Extension Logo
Extension Logo
University of Minnesota Extension

Japanese beetles

Quick facts

  • Japanese beetles feed on the leaves of over 300 species of plants.
  • In Minnesota, they are mostly found in the Twin Cities metropolitan area and in southeast Minnesota.
  • Adults feed on the leaves of plants between the veins, leaving a skeleton of brown fibers where the leaves used to be.
  • Grubs chew off grass roots and large dead patches of grass develop in grub infested areas.

How Japanese beetles got here

The Japanese beetle is a serious pest of turf and ornamental plants. Grubs feed on the roots of grass and adults feed on the leaves of more than 300 plant species.

Japanese beetles were first found in United States in 1916, after being accidentally introduced into New Jersey. Until that time, this insect was known to occur only in Japan where it is not a major pest. It is controlled in the eastern United States by soil-inhabiting protozoans that are not present in Minnesota.

There are a number of related beetles that also feed on the roots of grasses. In Minnesota, the Japanese beetle is the worst pest, so it's important to identify which species a grub belongs to as management is not the same for all species.

How to identify Japanese beetles


japanese beetle crawling on edge of a leaf
  • Approximately one-third to one-half inch long.
  • Metallic green head with copper-brown wing covers.
  • Sides of abdomen have five white patches of hairs, and tip of abdomen has two patches of white hair.


Eggs are laid in the soil and generally not seen.

Larva (grub)

Japanese beetle grub
Japanese beetle grub
  • C-shaped, white to cream-colored grubs.
  • Up to about one inch long.

Damage caused by Japanese beetles

Adult Japanese beetle damage

chewed raspberry leaves on a raspberry bush with fruit
Japanese beetle damage on a raspberry plant

Adult Japanese beetles feed on the leaves of many different plants including birches, basswood, apples, raspberries and soybeans. They feed on the leaves between the veins, so when they are finished, they leave a skeleton of brown fibers where the leaves used to be, a type of damage referred to as skeletonizing.

Damage to fruit, such as raspberries, can occur where the beetles eat flowers along with the fruit or if the beetles kill so many leaves that the plant is weakened and cannot support fruit.

Grub damage

Grubs chew off grass roots and reduce the ability of grass to take up enough water to withstand stresses of hot, dry weather. As a result, large dead patches of grass develop in grub infested areas.

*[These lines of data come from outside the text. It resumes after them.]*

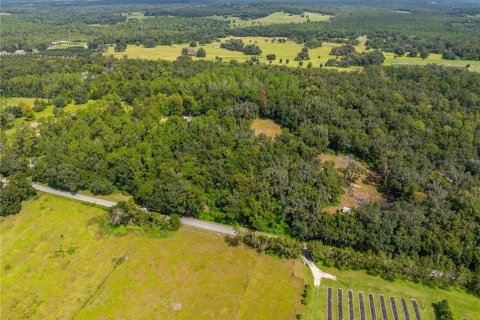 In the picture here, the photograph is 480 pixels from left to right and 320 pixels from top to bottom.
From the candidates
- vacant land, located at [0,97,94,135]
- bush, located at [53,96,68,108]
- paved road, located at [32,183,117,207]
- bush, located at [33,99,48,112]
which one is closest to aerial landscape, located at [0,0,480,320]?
paved road, located at [32,183,117,207]

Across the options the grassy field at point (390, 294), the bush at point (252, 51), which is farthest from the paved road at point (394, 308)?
the bush at point (252, 51)

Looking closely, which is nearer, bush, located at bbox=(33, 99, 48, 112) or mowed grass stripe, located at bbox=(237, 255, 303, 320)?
mowed grass stripe, located at bbox=(237, 255, 303, 320)

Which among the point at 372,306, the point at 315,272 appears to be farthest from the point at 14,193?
the point at 372,306

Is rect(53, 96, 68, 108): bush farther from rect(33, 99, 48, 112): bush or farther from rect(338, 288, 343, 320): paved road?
rect(338, 288, 343, 320): paved road

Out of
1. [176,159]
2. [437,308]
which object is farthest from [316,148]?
[437,308]

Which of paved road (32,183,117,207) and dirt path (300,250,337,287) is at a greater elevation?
paved road (32,183,117,207)

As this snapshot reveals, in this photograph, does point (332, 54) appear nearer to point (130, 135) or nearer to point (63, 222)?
point (130, 135)

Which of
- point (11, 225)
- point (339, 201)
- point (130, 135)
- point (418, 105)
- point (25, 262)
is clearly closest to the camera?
point (25, 262) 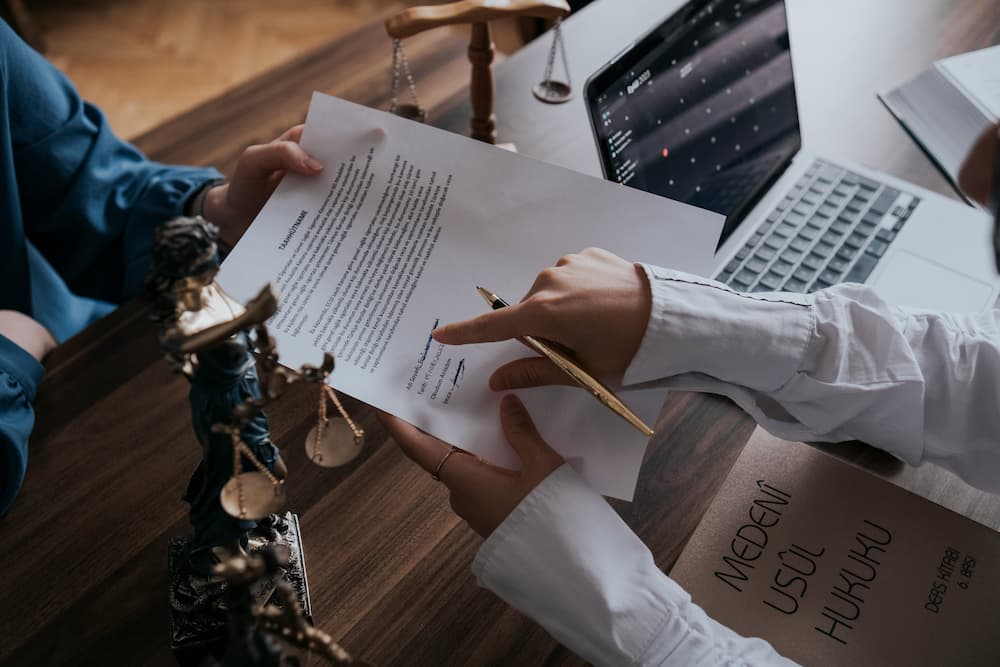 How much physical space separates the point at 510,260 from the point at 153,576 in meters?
0.39

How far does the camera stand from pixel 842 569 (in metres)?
0.58

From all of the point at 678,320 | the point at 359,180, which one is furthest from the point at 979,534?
the point at 359,180

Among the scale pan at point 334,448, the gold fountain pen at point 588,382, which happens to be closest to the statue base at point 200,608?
the scale pan at point 334,448

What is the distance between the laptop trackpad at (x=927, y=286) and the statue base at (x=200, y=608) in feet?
2.17

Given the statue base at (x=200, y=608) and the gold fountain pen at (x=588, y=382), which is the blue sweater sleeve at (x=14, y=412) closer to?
the statue base at (x=200, y=608)

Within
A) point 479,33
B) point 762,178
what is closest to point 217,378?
point 479,33

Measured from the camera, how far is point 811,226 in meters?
0.85

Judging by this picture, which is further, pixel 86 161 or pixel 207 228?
pixel 86 161

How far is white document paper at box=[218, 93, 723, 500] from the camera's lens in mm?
574

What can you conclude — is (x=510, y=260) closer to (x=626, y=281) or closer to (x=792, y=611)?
(x=626, y=281)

These dead patches can be rolled back like a carpet to expose the lack of turf roots. Grubs can be found in adjacent green areas. Early recognition of the problem can prevent this destruction.

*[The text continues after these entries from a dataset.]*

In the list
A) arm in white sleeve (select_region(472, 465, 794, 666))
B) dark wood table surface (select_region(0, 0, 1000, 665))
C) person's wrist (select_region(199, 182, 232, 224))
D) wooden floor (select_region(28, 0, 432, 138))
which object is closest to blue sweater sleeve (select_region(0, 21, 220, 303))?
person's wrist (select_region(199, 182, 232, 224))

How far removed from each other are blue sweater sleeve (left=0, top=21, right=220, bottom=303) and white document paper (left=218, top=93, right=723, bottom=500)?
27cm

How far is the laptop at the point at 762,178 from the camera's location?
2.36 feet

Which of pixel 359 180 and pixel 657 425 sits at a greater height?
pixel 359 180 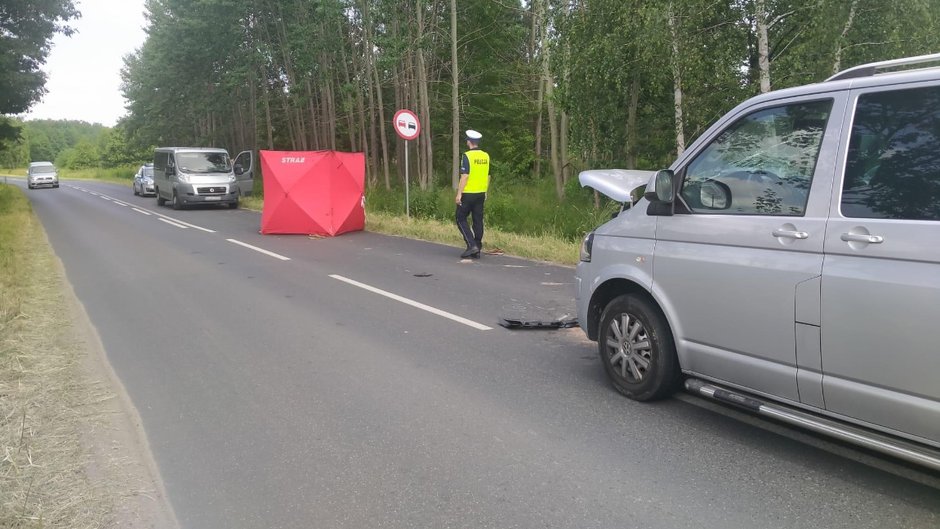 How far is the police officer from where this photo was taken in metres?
11.1

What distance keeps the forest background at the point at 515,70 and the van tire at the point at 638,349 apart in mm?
8893

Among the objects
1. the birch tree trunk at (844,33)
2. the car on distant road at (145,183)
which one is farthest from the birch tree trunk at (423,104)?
the car on distant road at (145,183)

Starlings and crows, as well as moles, shrews, and skunks may be seen digging up grubs, also damaging the turf.

Grub populations between 7 and 15 per square foot can cause significant damage to non-irrigated turf. Irrigated turf can withstand a higher grub count because the increase in water compensates for the roots chewed off by the grub.

Managing Japanese beetles

For fruit growers, Japanese beetles are best controlled as adults.

Physical removal is a viable option for small fruit patches or a few trees or shrubs.

  • Remove the beetles by hand and put them in soapy water.
  • Hand picking is most effective as the beetles first arrive, before they release their aggregation pheromones to attract others.
  • The best time to handpick beetles is in the evening and early morning, when they are less active.
  • Don't use Japanese beetle traps. Research has shown that traps attract more Japanese beetles than they catch, and will typically cause more damage to plants in a garden.

Using pesticides

Insecticides can help manage adults.

  • Neem extracts like Azadractin have been shown to provide short term protection, especially if only small to moderate numbers of Japanese beetles are present.
  • There are several contact, residual insecticides including permethrin, bifenthrin, malathion or carbaryl. 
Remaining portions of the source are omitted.